ONLamp.com
oreilly.comSafari Books Online.Conferences.

advertisement


Squid: The Definitive Guide

Eleven Metrics to Monitor for a Happy and Healthy Squid

by Duane Wessels, author of Squid: The Definitive Guide
03/25/2004

In this article, I'll show you how to stay on top of Squid's performance. If you follow this advice, you should be able to discover problems before your users begin calling you to complain.

Squid provides two interfaces for monitoring its operation: SNMP and the cache manager. Each has its own set of advantages and shortcomings.

SNMP is nice because it is familiar to many of us. If you already have some SNMP software deployed in your network, you may be able to easily add Squid to the other services that you already monitor. Squid's SNMP implementation is disabled by default at compile time. To use SNMP, you must pass the --enable-snmp option to ./configure like this: ./configure --enable-snmp ...

The downside to SNMP is that you can't use it to monitor all of the metrics that I talk about in this article. Squid's MIB has remained almost unchanged since it was first written in 1997. Some of the things that you should monitor are only available through the cache manager interface.

The cache manager is a set of "pages" that you can request from Squid with a special URL syntax. You can also use Squid's cachemgr.cgi utility to view the information through a web browser. As you'll see in the examples, it is a little awkward to use the cache manager for periodic data collection. I have a solution to this problem, which I'll describe at the end of the article.

Related Reading

Squid: The Definitive Guide
By Duane Wessels

1. Process Size

Squid's process size has a direct impact on performance. If the process becomes too large, and won't fit entirely in memory, your operating system swaps portions of it to disk. This causes performance to degrade quickly -- i.e., you'll see an increase in response times. Squid's process size can be a little bit difficult to control at times.

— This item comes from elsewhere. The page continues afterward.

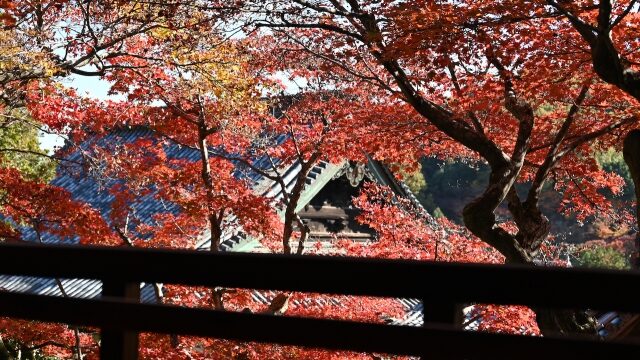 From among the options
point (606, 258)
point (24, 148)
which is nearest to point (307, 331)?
point (24, 148)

It depends on the number of objects in your cache, the number of simultaneous users, and the types of objects that they download.

Squid has four ways to determine its process size. One or more of them may not be supported on your particular operating system. They are: getrusage(), mallinfo(), mstats(), and sbrk().

The getrusage() function reports the "Maximum Resident Set Size" (Max RSS). This is the largest amount of physical memory that the process has ever occupied. This is not always the best metric, because if the process size becomes larger than your memory's capacity, the Max RSS value does not increase. In other words, Max RSS is always less than your physical memory size, no matter how big the Squid process becomes.

The mallinfo() and mstats() functions are features of some malloc (memory allocation) libraries. They are a good indication of process size, when available. The mstats() function is unique to the GNUmalloc library.

The sbrk() function also provides a good indication of process size and seems to work on most operating systems.

Unfortunately, the only metric available as an SNMP object is the getrusage() Max RSS value. You can get it with this OID under the Squid MIB:

enterprises.nlanr.squid.cachePerf.cacheSysPerf.cacheMaxResSize

To get the other process size metrics, you'll need to use the cache manager. Request the "info" page and look for these lines:

# squidclient mgr:info | less
...
Process Data Segment Size via sbrk(): 959398 KB
Maximum Resident Size: 924516 KB
...
Total space in arena:  959392 KB

You can also use the high_memory_warning directive in squid.conf to warn you if the process size exceeds a limit that you specify. For example:

high_memory_warning 500

2. Page Fault Rate

As I mentioned in the discussion about memory usage, Squid's performance suffers when the process size exceeds your system's physical memory capacity. A good way to detect this is by monitoring the process' page-fault rate.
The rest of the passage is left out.